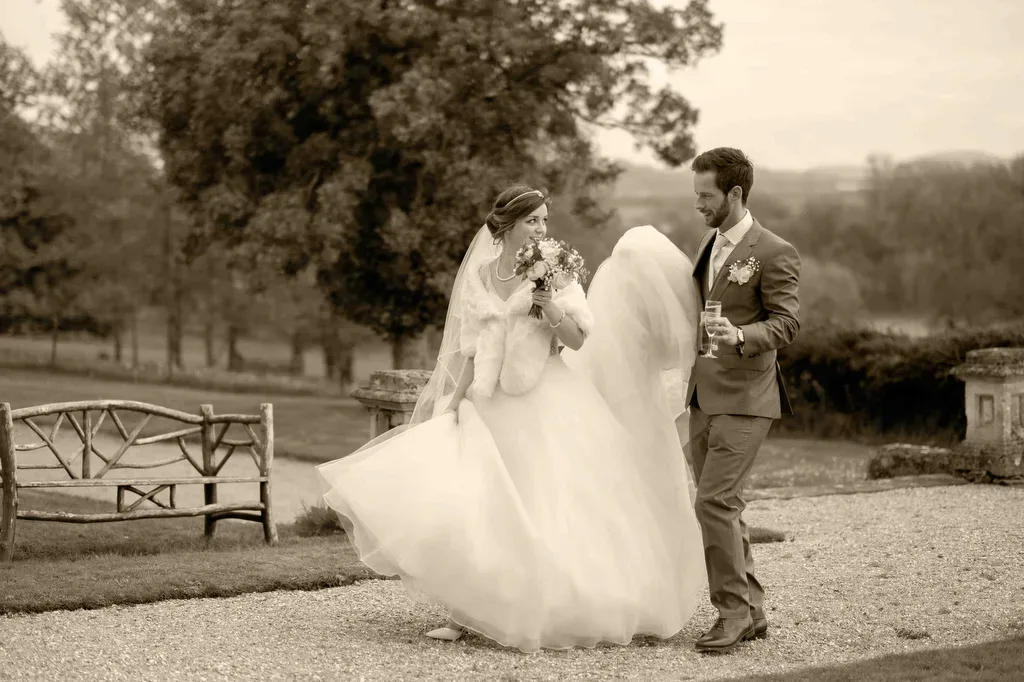 We got married in Frome:a bride and groom walking together in a park near Wick Farm Bath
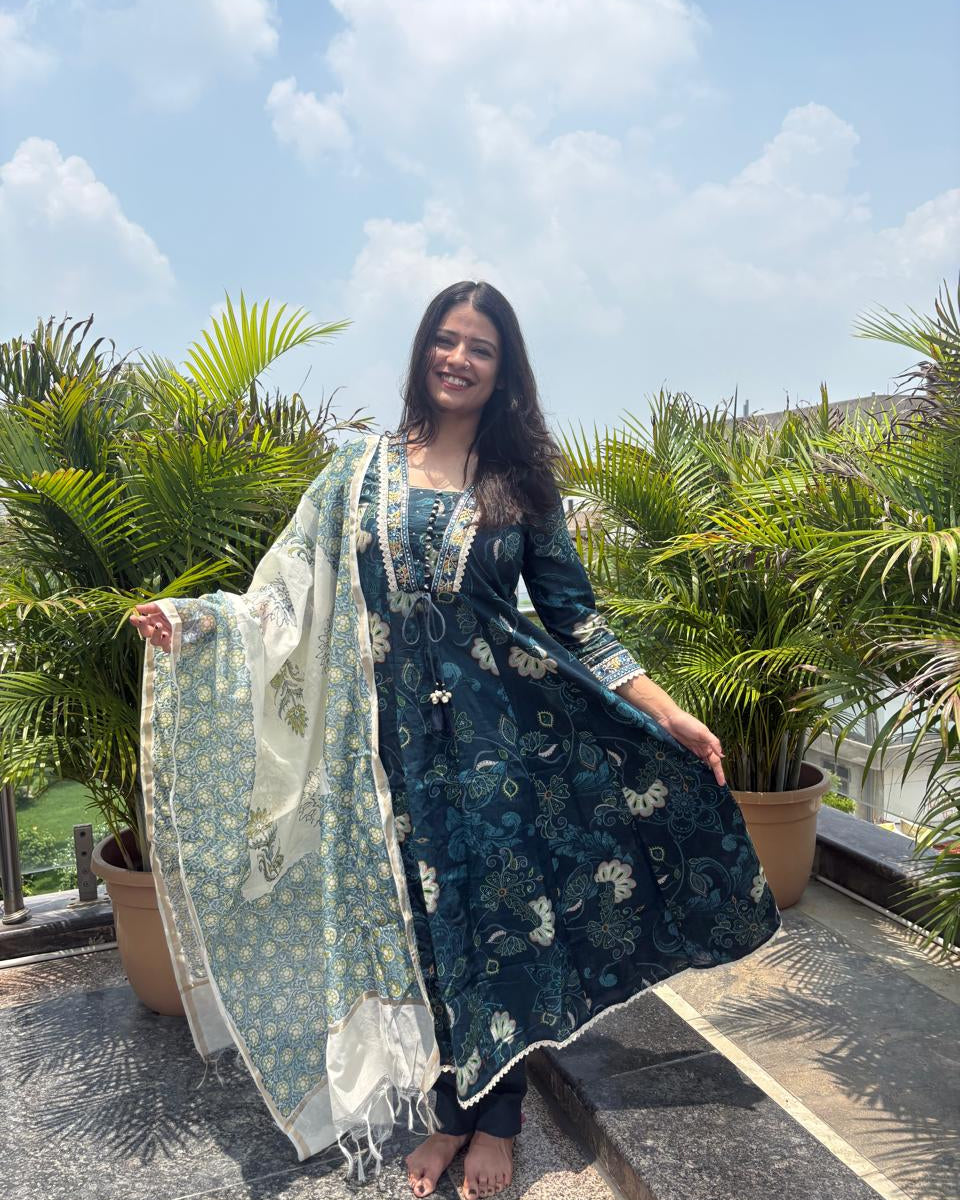 A woman stands outdoors on a rooftop terrace wearing a dark teal blue printed Anarkali kurta with a matching dupatta. The kurta features intricate floral patterns and gold embroidery on the neckline.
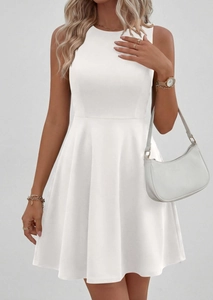 Detail view of white sleeveless dress with round neck and high-waisted A-line silhouette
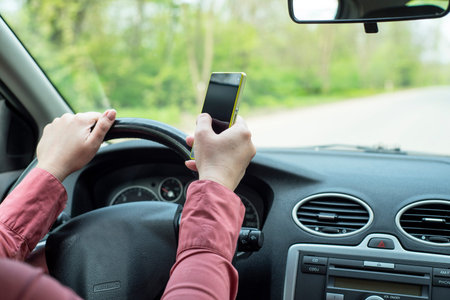 image depicting a woman riding in a car and talking on the phoneの写真素材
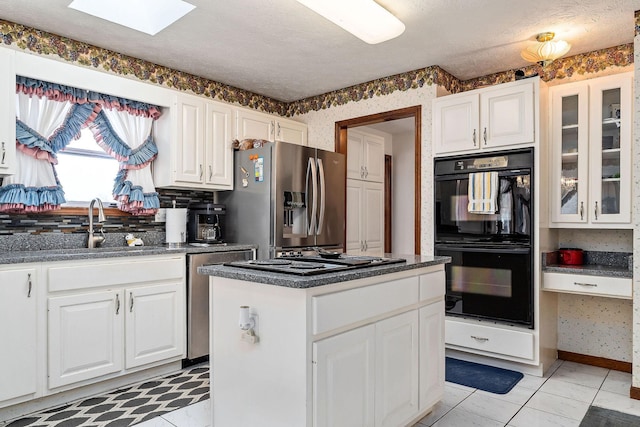 kitchen featuring a center island, black appliances, sink, white cabinetry, and a skylight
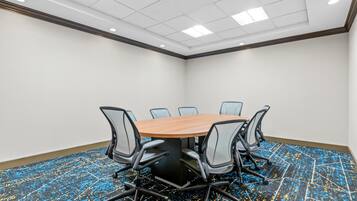 A conference room with a round table, six chairs, and a carpeted floor.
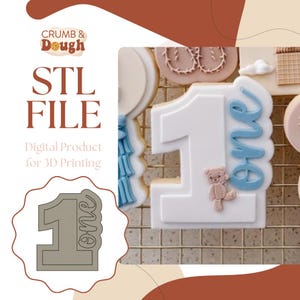 Può includere: Un file STL digitale per la stampa 3D di uno stampino per biscotti a forma di numero uno con la parola "one" scritta accanto. Lo stampino per biscotti è grigio e lo sfondo è una griglia bianca.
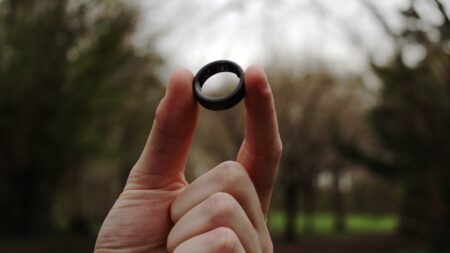 smart ring held up forest background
--- --- ---
§ Action item: The material above is to be transcribed exactly, with its images omitted.

§ Task output:
 We got married in Frome:a bride and groom walking together in a park near Wick Farm Bath
 A woman stands outdoors on a rooftop terrace wearing a dark teal blue printed Anarkali kurta with a matching dupatta. The kurta features intricate floral patterns and gold embroidery on the neckline.
 Detail view of white sleeveless dress with round neck and high-waisted A-line silhouette
 image depicting a woman riding in a car and talking on the phoneの写真素材
 kitchen featuring a center island, black appliances, sink, white cabinetry, and a skylight
 A conference room with a round table, six chairs, and a carpeted floor.
 Può includere: Un file STL digitale per la stampa 3D di uno stampino per biscotti a forma di numero uno con la parola "one" scritta accanto. Lo stampino per biscotti è grigio e lo sfondo è una griglia bianca.
 smart ring held up forest background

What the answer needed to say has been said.